First, when you begin playing, you are paired with other novices. Many of these players will not even bother to play single player or training before hand, and if you have even a passing knowledge of fighting game conventions these matches will be free wins for the most part. Then, presuming you stick with the game for any period of time, there will be a sudden shift in gears and you quickly find yourself losing most of the time.
This occurs because there is a gap in skill progression among the community. If we were to use a 1 to 10 scale, where 1 is a complete neophyte and 10 is an international competitor, the 3-5 range is largely nonexistent in most online fighting game matchmaking. You have 1s and 2s who are just picking the game up, and they will either drop off when they get slammed up against a 6 or, if they tough it out, will get good and start winning again.

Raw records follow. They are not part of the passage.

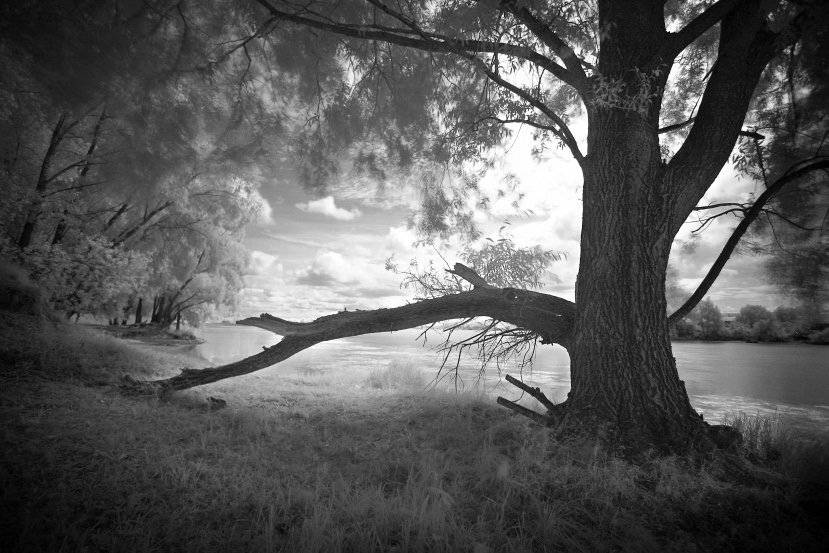 ик, Эдуард VTORNIK  Николаев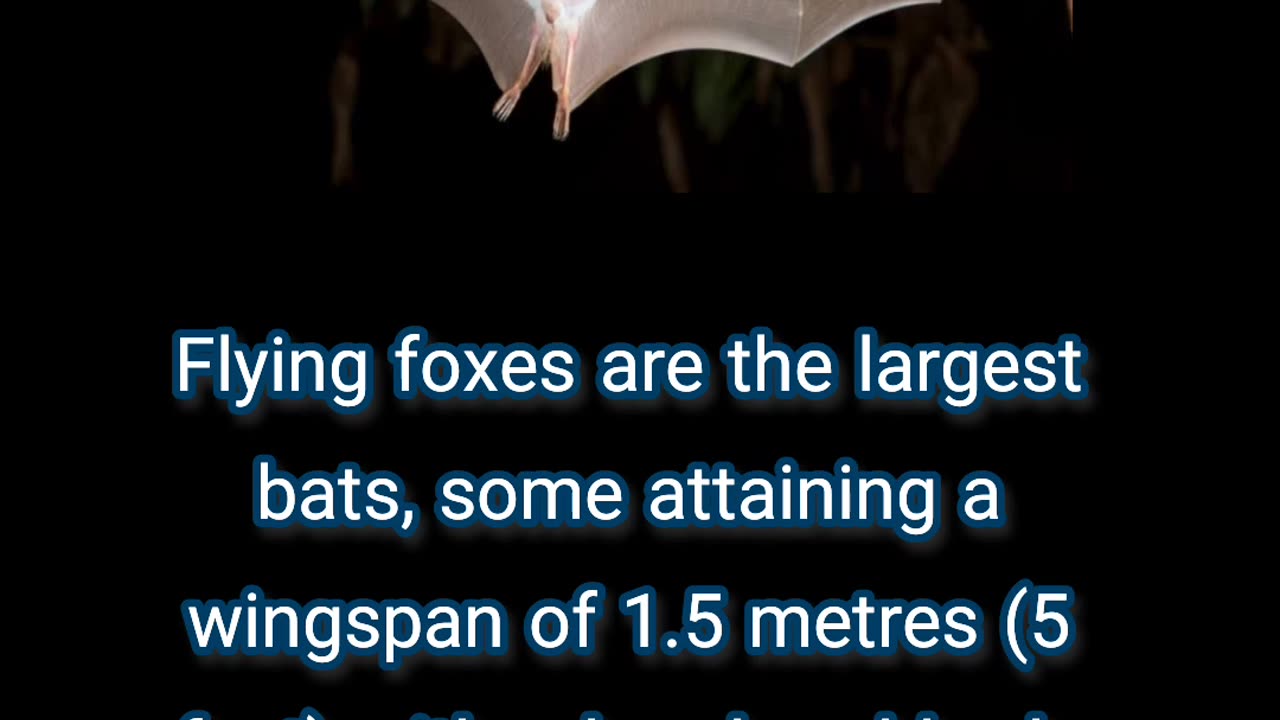 amazing bat facts | bats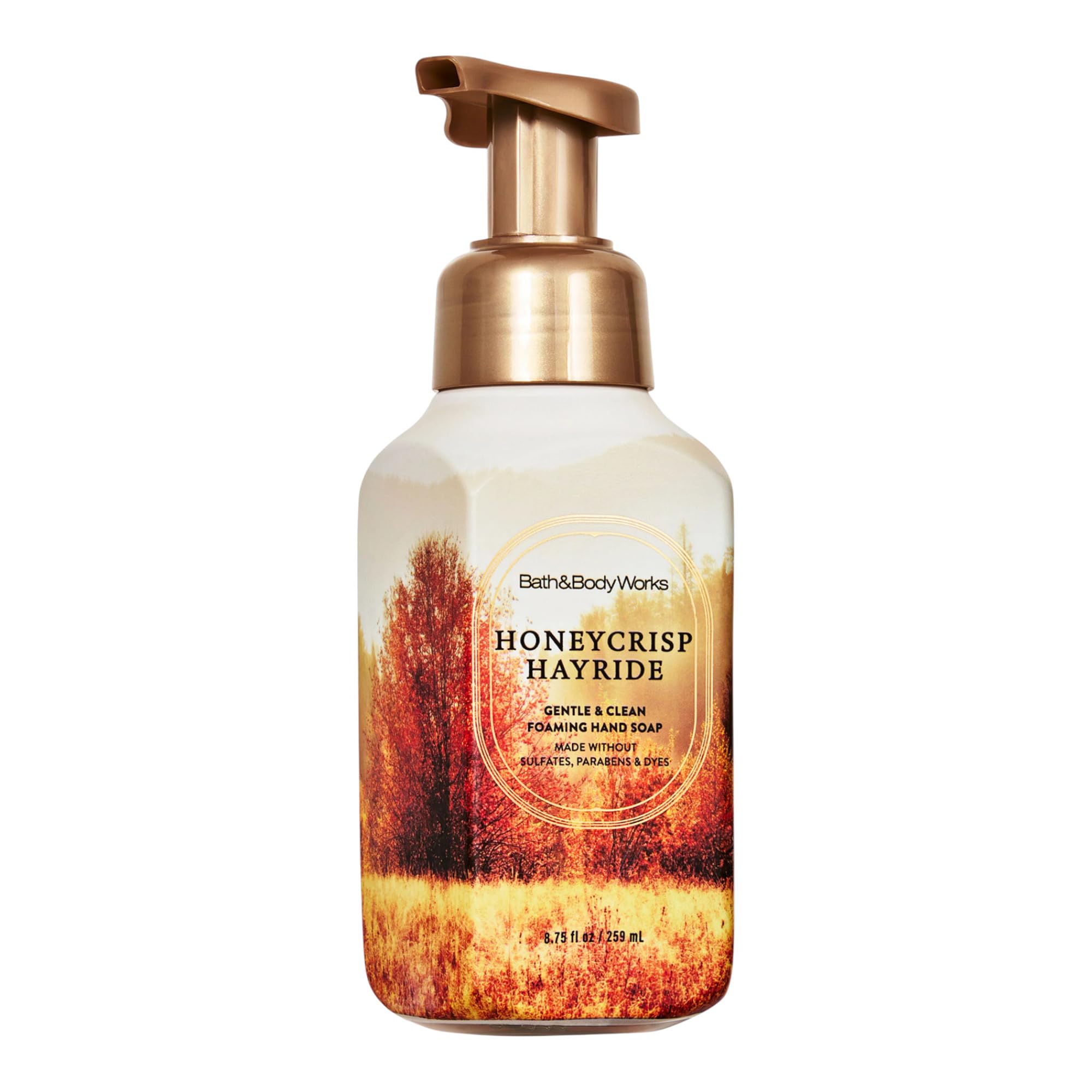 Bath & Body Works Gentle Foaming Hand Soap 8.75 oz (Milk Bar Birthday Cake): Honeycrisp Hayride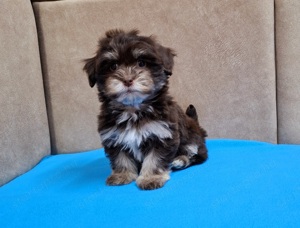 Bichon havanese törzskönyvezhető kiskutyák - kép 12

The problem is that sort of dedication comes from enthusiasts of the genre, and the results are apparent if you talk to anyone who plays video games but not fighting games. You will hear a lot about how they don’t want to put the time in or have to deal with getting stomped over and over by players who put more time into that one game than they have free in general. There is this general feeling of being at a basketball court playing one on one matchups where at any given moment Stephen Curry might just step up and play you. For some people this concept is super exciting, but for many the idea of being trounced by someone clearly in a different weight class than you sours the whole experience.
It’s easy to simply shake off these worries and tell casuals to get good. After all, if they care, they’ll put in effort. If they don’t, who cares? But we live in a world where Street Fighter 5, the biggest fighting game in the world today, is failing to meet sales expectations. This should be worrying to fighting game fans. The first fighting game dark ages came from market saturation, leaving an era without competitive titles that didn’t end until 09 when Street Fighter 4 brought fighting games back to the market forefront. I’m worried that we might be slowly heading back towards another dark age as fighting games become more and more niche and fewer and fewer players are willing to put in the time and effort to break into the genre when so many others provide much smoother introductions to competitive gameplay.
I think part of the reason people don’t like to talk about this problem is that it doesn’t have an easy solution. Online and in game resources exist, but casual players don’t want to have to study a game before they play it. I honestly feel like a lot of this could be alleviated with better single player AI opponents, but that is a field that could be a major time and money sink and is of little interest to the core fighting game audience. Ultimately the best thing that can be done right now is outreach. I didn’t know about my local fighting game group until I ran into them at a public event. Gathering new players and building a base of new and intermediate players can do a lot for the health of a local scene, and if this happens in enough cities, you may actually begin to see an effect on matchmaking.
Fighting games are bigger than they have ever been, and despite the fact that I’m not actually all that good at them, I still love them. I love the struggle. This year I got to see the biggest fighting game tournament in the world broadcast on ESPN2. I want to continue to see scenes grown and new fighting game players be born. I’d hate to see things begin to backslide because the next generation didn’t have a group of peers to get their start with.